# Material for the task
+ + + + +

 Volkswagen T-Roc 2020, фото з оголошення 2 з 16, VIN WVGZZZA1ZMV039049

+ + + + +

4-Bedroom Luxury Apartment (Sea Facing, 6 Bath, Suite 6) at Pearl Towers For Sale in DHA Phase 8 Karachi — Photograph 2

+ + + + +

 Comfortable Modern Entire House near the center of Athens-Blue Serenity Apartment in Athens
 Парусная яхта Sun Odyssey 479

+ + + + +

# Activity
Could you show every line of the listing that holds the string "Apartment"?

# Solution for this problem
4-Bedroom Luxury Apartment (Sea Facing, 6 Bath, Suite 6) at Pearl Towers For Sale in DHA Phase 8 Karachi — Photograph 2
 Comfortable Modern Entire House near the center of Athens-Blue Serenity Apartment in Athens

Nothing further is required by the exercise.